==== Material provided

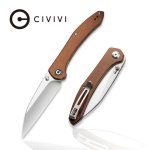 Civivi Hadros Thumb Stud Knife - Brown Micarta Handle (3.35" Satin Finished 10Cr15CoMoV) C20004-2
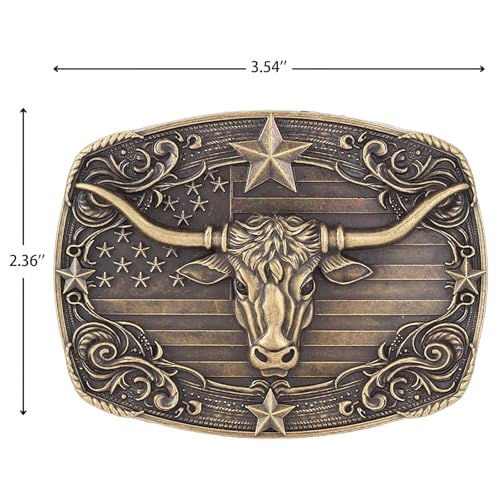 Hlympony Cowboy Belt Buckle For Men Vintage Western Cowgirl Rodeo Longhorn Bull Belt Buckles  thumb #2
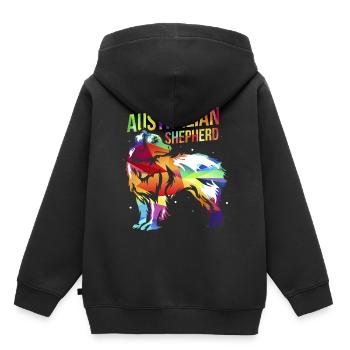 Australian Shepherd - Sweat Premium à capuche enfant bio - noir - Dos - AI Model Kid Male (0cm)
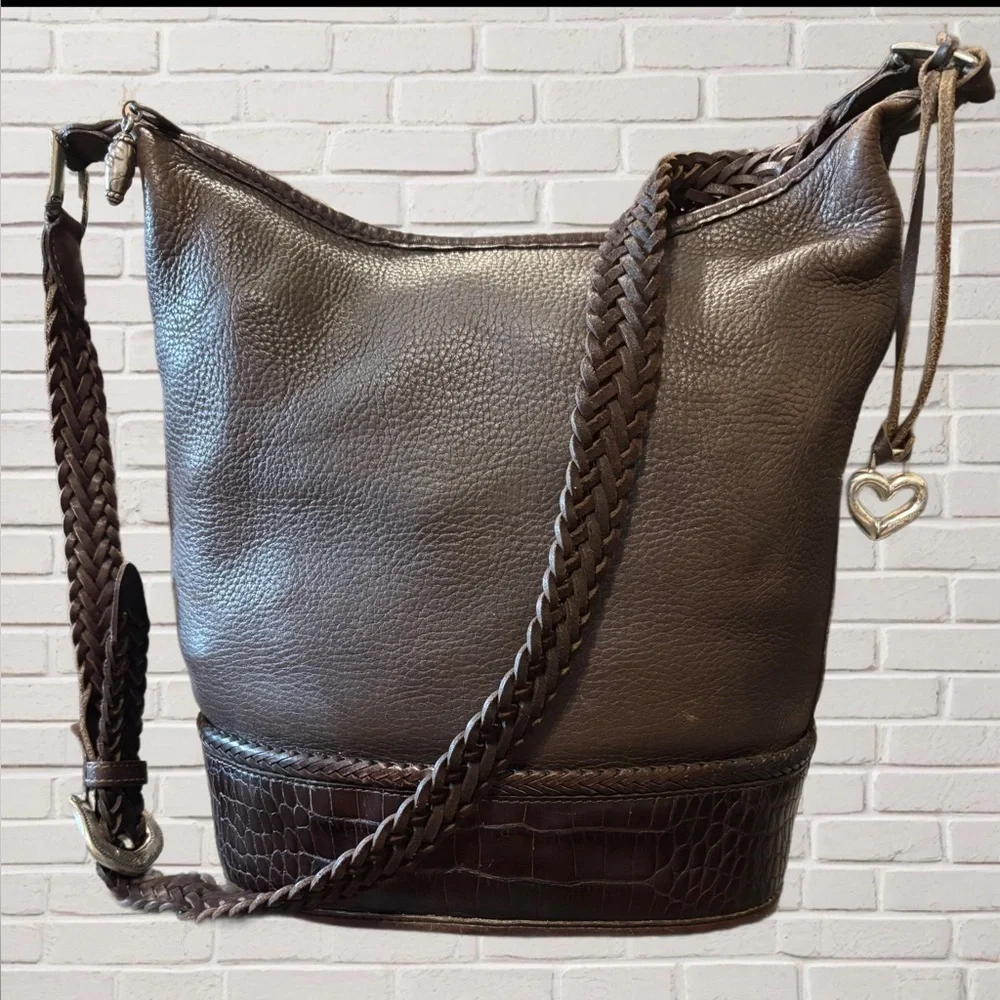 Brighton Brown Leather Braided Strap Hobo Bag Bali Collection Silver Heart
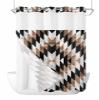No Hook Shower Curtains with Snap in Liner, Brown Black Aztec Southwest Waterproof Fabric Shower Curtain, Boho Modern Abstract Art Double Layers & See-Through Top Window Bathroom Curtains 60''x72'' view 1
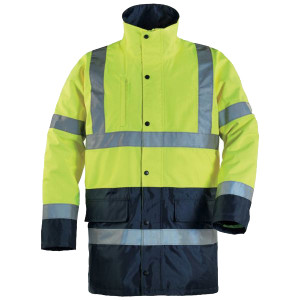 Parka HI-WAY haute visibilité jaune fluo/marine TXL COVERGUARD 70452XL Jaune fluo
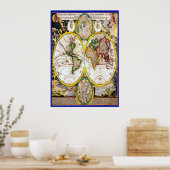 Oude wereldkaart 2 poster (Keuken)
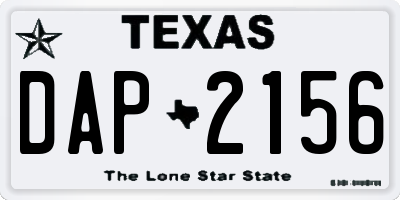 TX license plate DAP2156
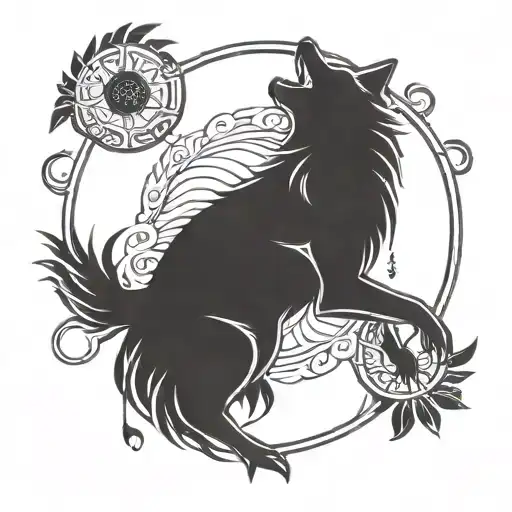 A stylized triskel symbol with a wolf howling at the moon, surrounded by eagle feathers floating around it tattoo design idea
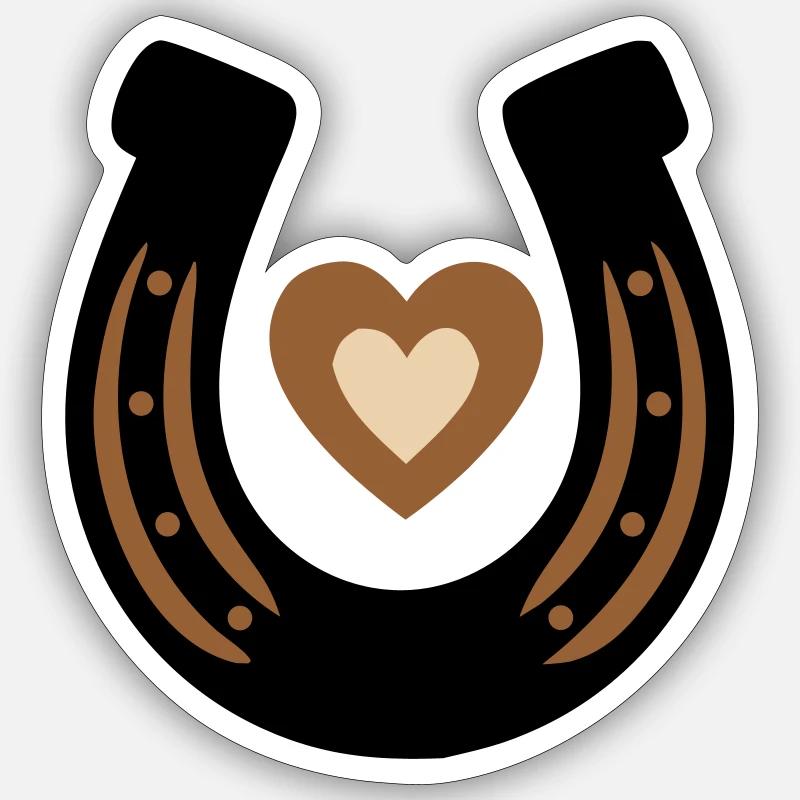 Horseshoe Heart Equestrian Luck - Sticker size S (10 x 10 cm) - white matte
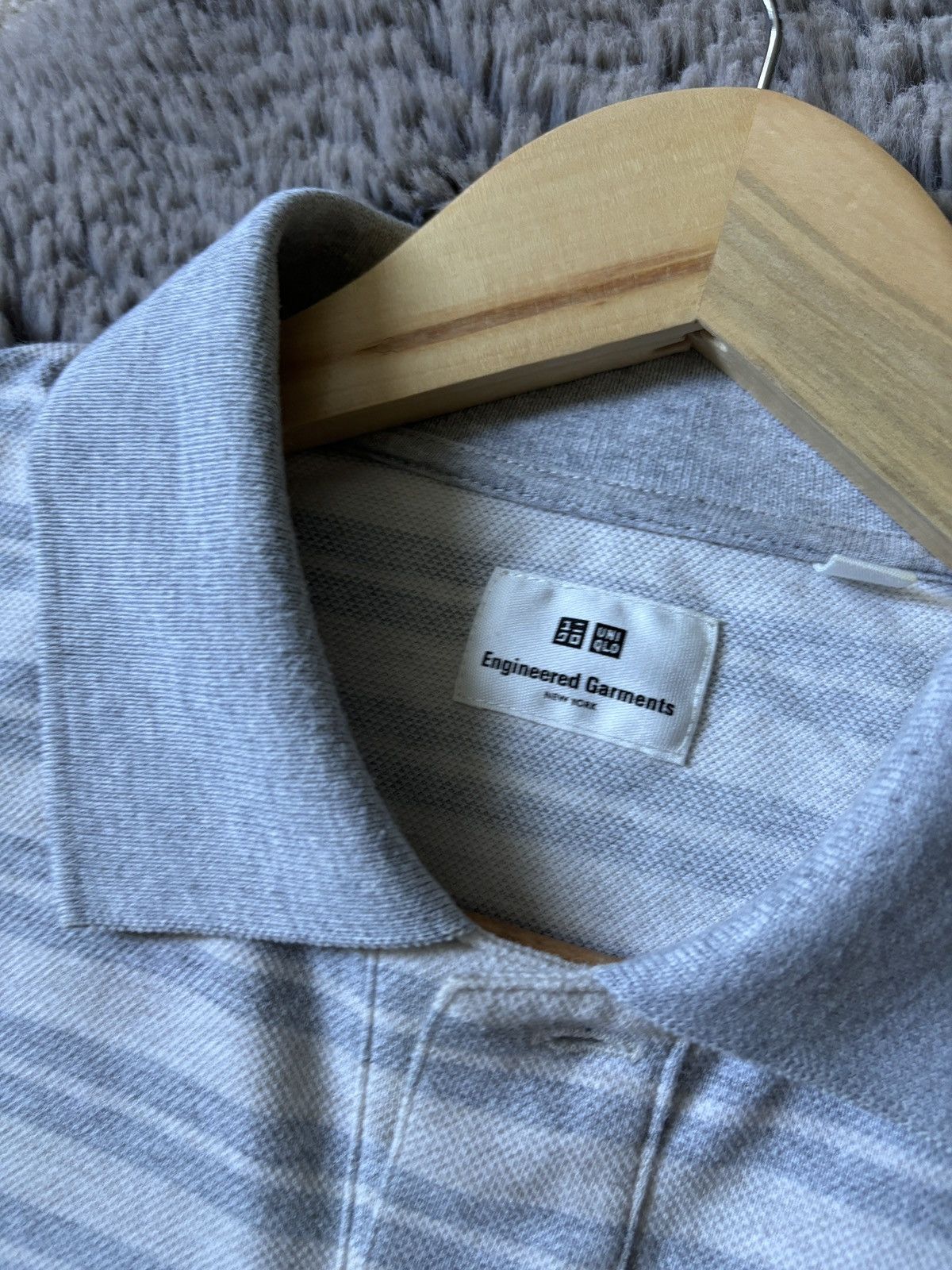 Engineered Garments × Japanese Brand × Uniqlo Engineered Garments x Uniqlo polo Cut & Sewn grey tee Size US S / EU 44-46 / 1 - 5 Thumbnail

========

Which lines run from the one that holds "Australian Shepherd - Sweat" to the final line of the records above? Return them exactly, and skip the pictures.

 Australian Shepherd - Sweat Premium à capuche enfant bio - noir - Dos - AI Model Kid Male (0cm)
 Brighton Brown Leather Braided Strap Hobo Bag Bali Collection Silver Heart
No Hook Shower Curtains with Snap in Liner, Brown Black Aztec Southwest Waterproof Fabric Shower Curtain, Boho Modern Abstract Art Double Layers & See-Through Top Window Bathroom Curtains 60''x72'' view 1
 Parka HI-WAY haute visibilité jaune fluo/marine TXL COVERGUARD 70452XL Jaune fluo
 Oude wereldkaart 2 poster (Keuken)
 TX license plate DAP2156
 A stylized triskel symbol with a wolf howling at the moon, surrounded by eagle feathers floating around it tattoo design idea
 Horseshoe Heart Equestrian Luck - Sticker size S (10 x 10 cm) - white matte
 Engineered Garments × Japanese Brand × Uniqlo Engineered Garments x Uniqlo polo Cut & Sewn grey tee Size US S / EU 44-46 / 1 - 5 Thumbnail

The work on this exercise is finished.